Peanuts are part of cuisines worldwide. Whether as an oil or butter, a snack or an ingredient in savory and sweet dishes, it is easy to find this legume—most often thought of as a nut—in many dishes. But where does it come from? Its origin seems to be in South America, specifically Bolivia, according to new studies.

The modern peanut (Arachis hypogaea) is the result of the hybridization of two older types of Andean peanut. It has 20 pairs of chromosomes—the total from both old species, which have 10 chromosomes each. Scientists always thought—a suspicion now confirmed—that the “parents” of this peanut were the variants Arachis duranensis, very common in the Andean foothills between northwestern Argentina and southeastern Bolivia, and Arachis ipaensis, a species that had been reported but unconfirmed in a Bolivian town several hundred kilometers north, but thought to be extinct, until now.

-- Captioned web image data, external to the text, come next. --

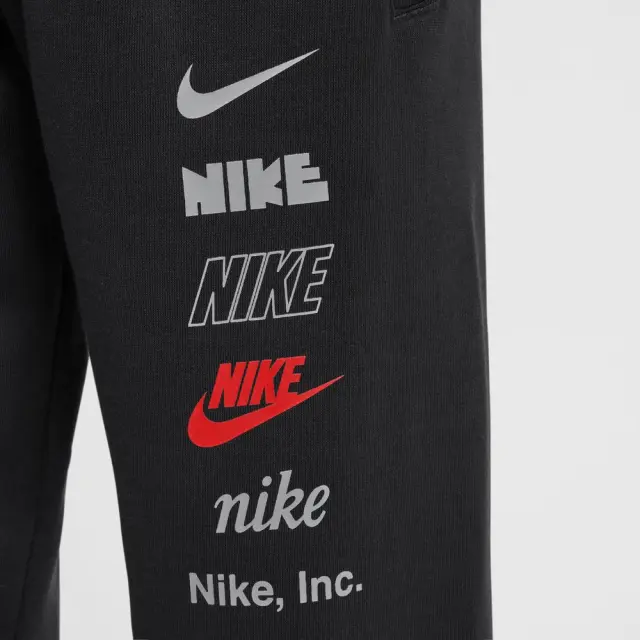 Nike Sportswear Club Fleece ΠΑΙΔΙΚΟ ΠΑΝΤΕΛΟΝΙ (HQ0973-010) - Μαύρο - M 10-12 ετών 3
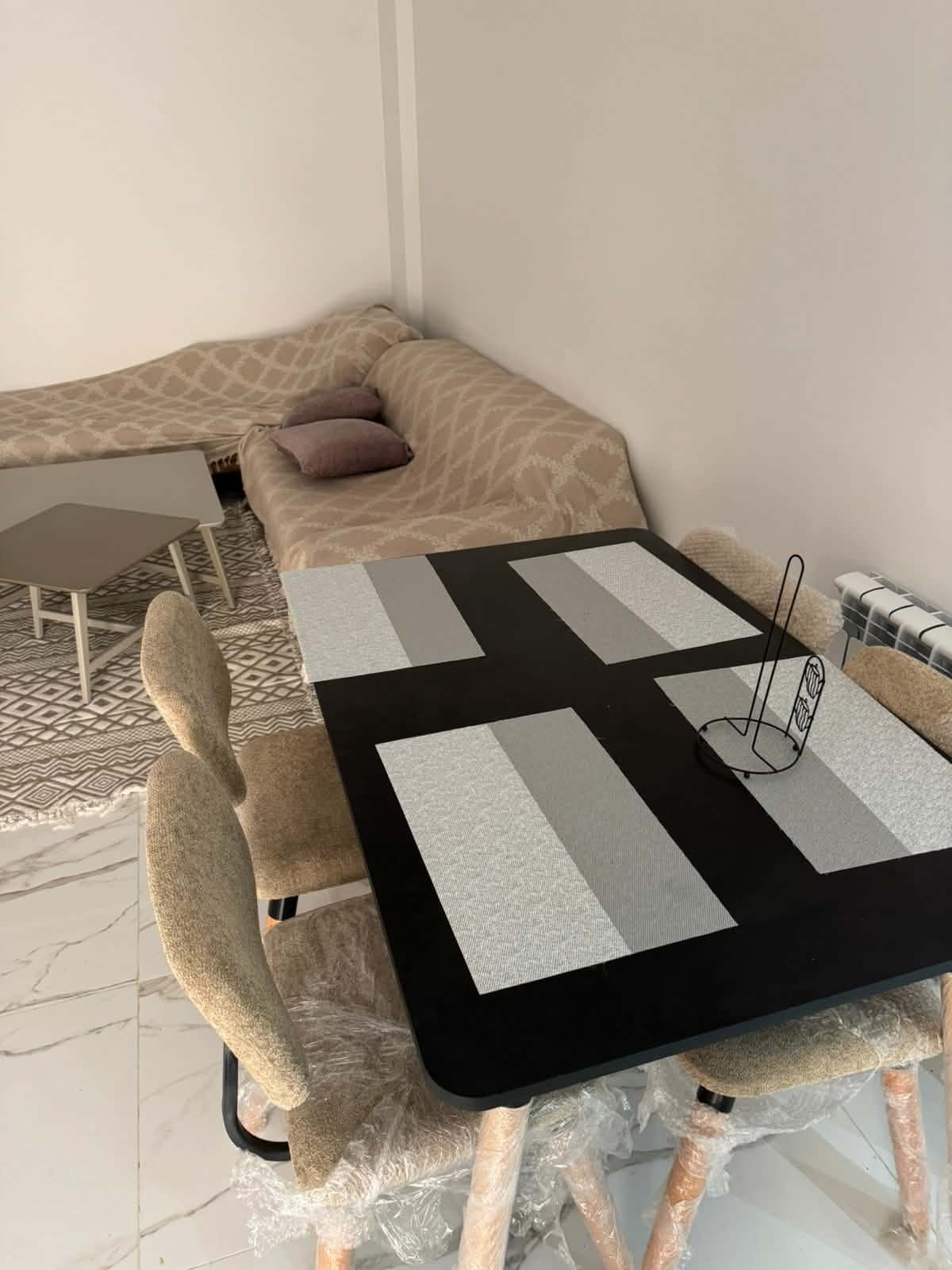 Sousse Jaouhara&nbsp;Sahloul&nbsp;Location&nbsp;Appart. 1 pi�ce&nbsp;S1  haut standing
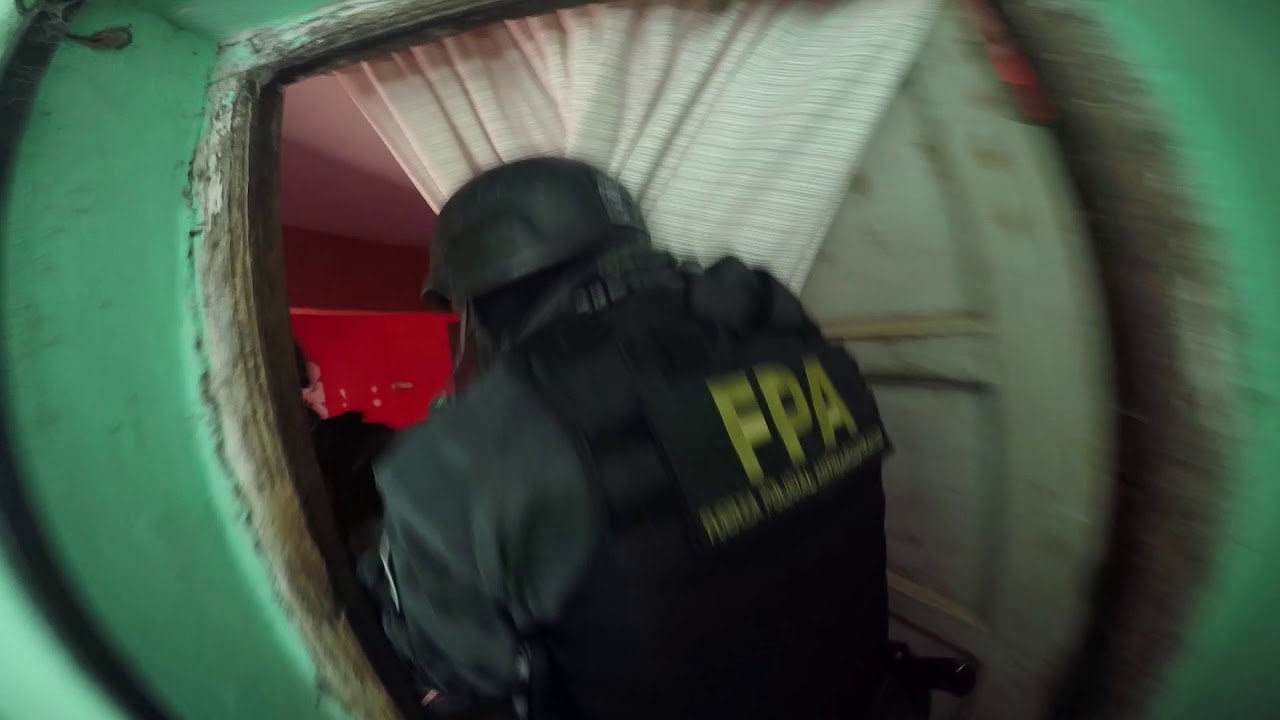 Irrupción de la FPA en B° Maldonado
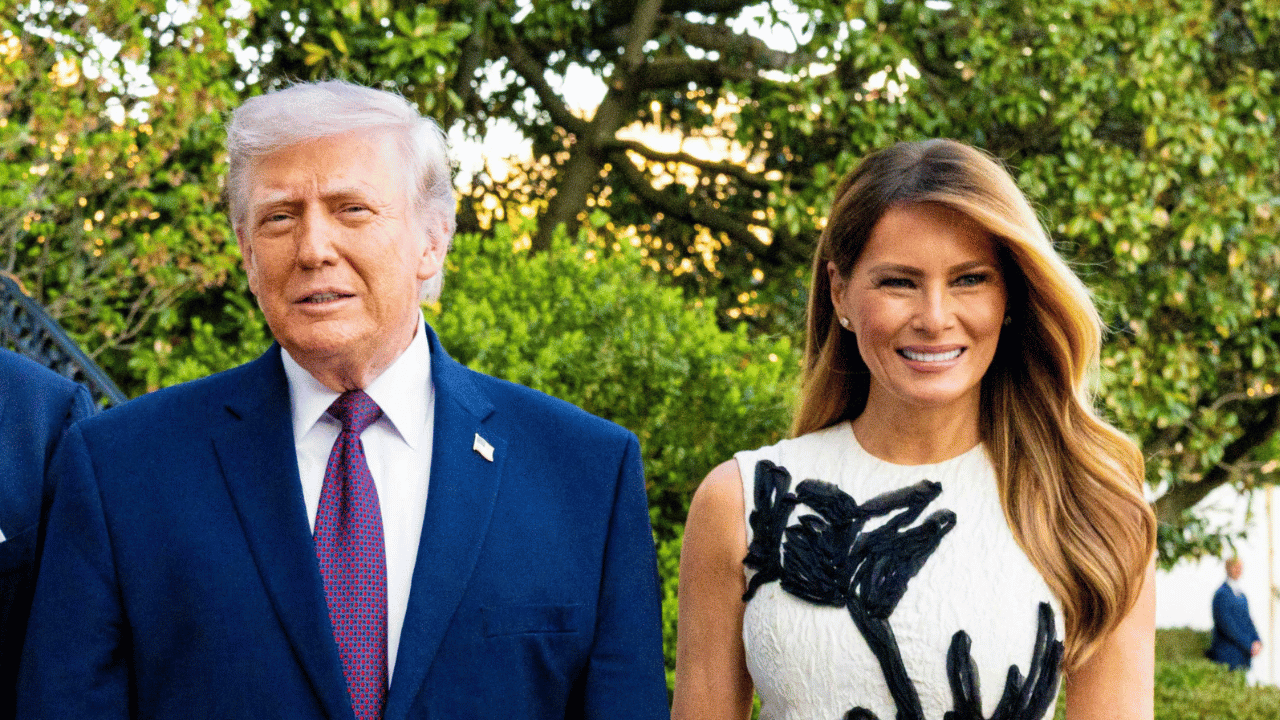 photo of Donald and Melania Trump are 'seldom in each other’s company,' Michael Wolff said.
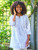 Scotia Stripe Tunic - Blue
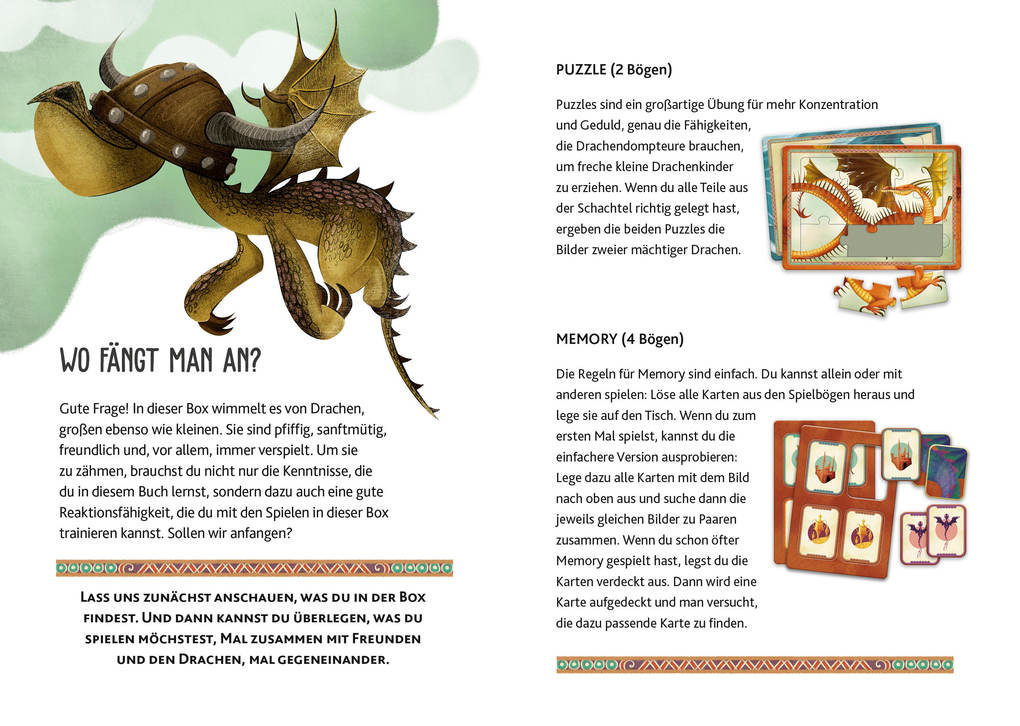 Weitere Ansicht: Drachen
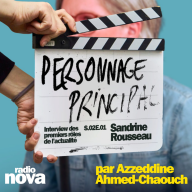 Affaires comestibles - Robin Panfili - Sandrine Rousseau, entre ligne rouge et ligne verte | Personnage principal S02E01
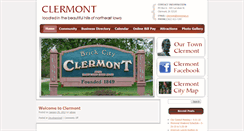 Desktop Screenshot of clermontia.org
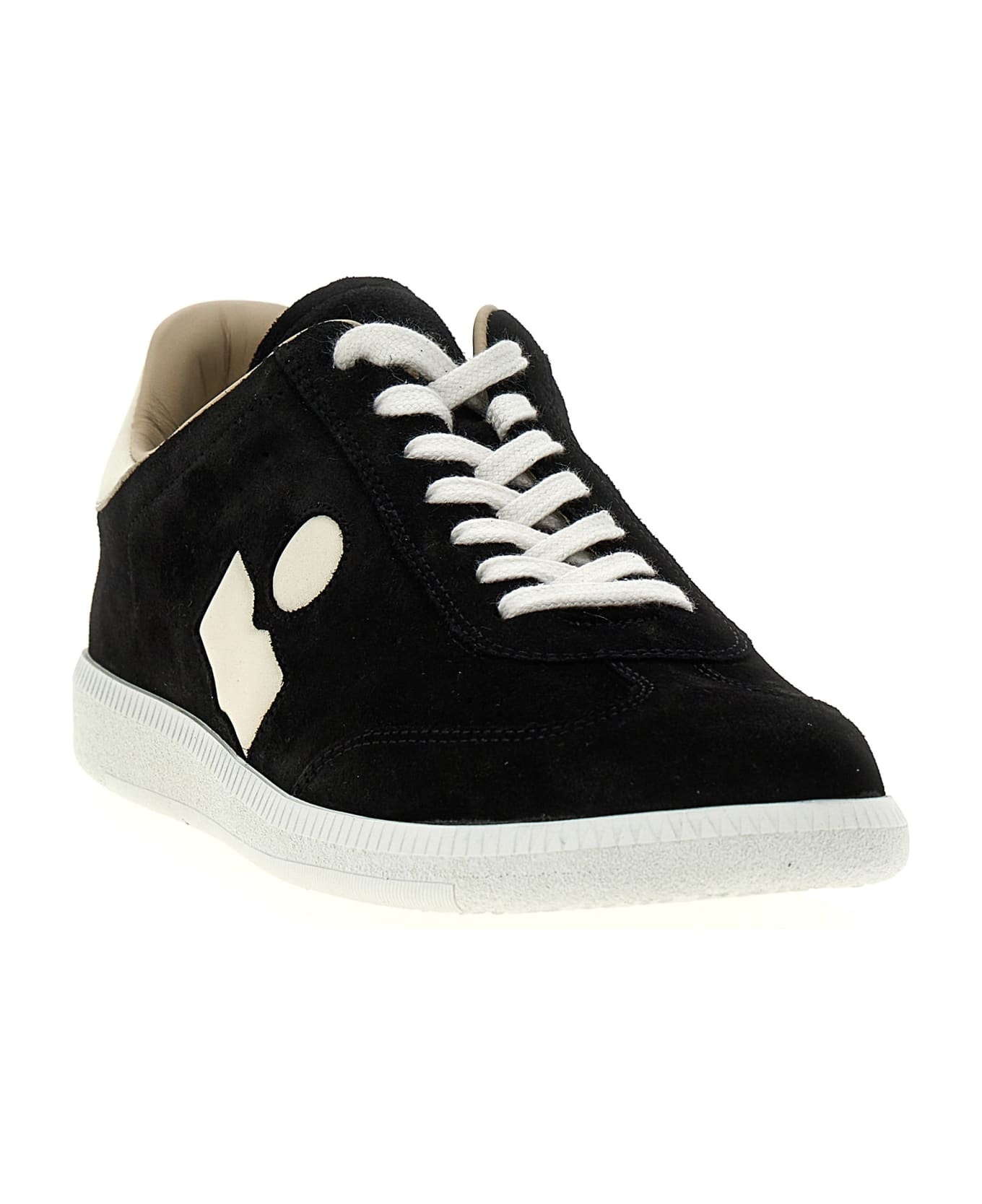 'suede Logo Snea' Sneakers - 2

Researchers at The University of Georgia (U.G.A.) and the International Peanut Genome Initiative, however, recently found a live specimen of A. ipaensis in the Bolivian Andes, and with it the answers to a mystery of how the two ancient species living so far one from each other had managed to hybridize into modern peanuts.

To solve this puzzle, scientists looked up old botanical collections and what they knew about migration patterns and transfers—in accordance with rainy and drought seasons—of the ancient farmers, hunters and food collectors. In addition, researchers used the molecular clock technique—an analysis used to determine, via DNA studies, the time when two species diverge their evolutionary paths to undertake new ones. “We now know that the first inhabitants of South America in their long voyages carried A. ipaensis to the land of A. duranensis 10,000 years ago. Once in the same area, bees pollinized the peanut plant flowers, allowing the birth of the hybrid that our South American ancestors ate and that eventually led to the modern peanut, Arachia hypogaea. It’s a fascinating story,” says David Bertioli, a researcher at the Center for Applied Genetic Technologies at U.G.A. and lead author of the study, published in Nature Genetics. (Scientific American is part of Springer Nature).

Although it has not been studied how old A. duranensis and A. ipaensis are, researchers think they could be species that have existed for more than a million years, so Bertioli and his team consider them as plant relics. “Having found [A. ipaensis] alive and being now able to study it is almost like taking a look at the garden of these ancient communities. The hybrid peanut crop spread throughout South America in pre-Columbian times, reaching the shores of the Atlantic and Pacific and even into Central America and Mexico. After colonization it was carried to Africa, Asia, North America and Australia, sites where it became an important crop. It is a food that has lived during many interesting times,” Bertioli says.

Low-cost nutrition

With a better understanding of the peanut genome, researchers will be better able to identify markers that determine their resistance to certain diseases and weather conditions. This information will allow them to design of genetic variants that are more pest- and drought-resistant as well as more nutritious—a major breakthrough for regions such as Africa, where malnutrition is a severe problem and peanuts are an important source of vegetable protein, Bertioli says. “If we know the genome in-depth, we can have crops that produce more and better results in conditions so far considered adverse,” he adds.

It is worthy to note that botanists do not classify the peanut as a nut, but rather a legume—which is high in protein—that is to say, it is more akin to lentils than hazelnuts.

Still, peanuts offer the same nutritional and health benefits of nuts such as walnuts and almonds but with a clear price difference: U.S. consumers pay on average $5 per kilo for peanuts and $30 for the same amount of hazelnuts. “The difference is in the pocket, but not health,” says Meir Stampfer, epidemiology and nutrition professor at Harvard University’s T. H. Chan School of Public Health and co-author of a study on the benefits of peanuts and nuts published in 2013 in JAMA Internal Medicine.

Stampfer’s work found that people who ate peanuts and nuts regularly were less likely to die from any cause—particularly cardiovascular disease—and that those who ate peanuts obtained the same health benefits that those who ate other nuts.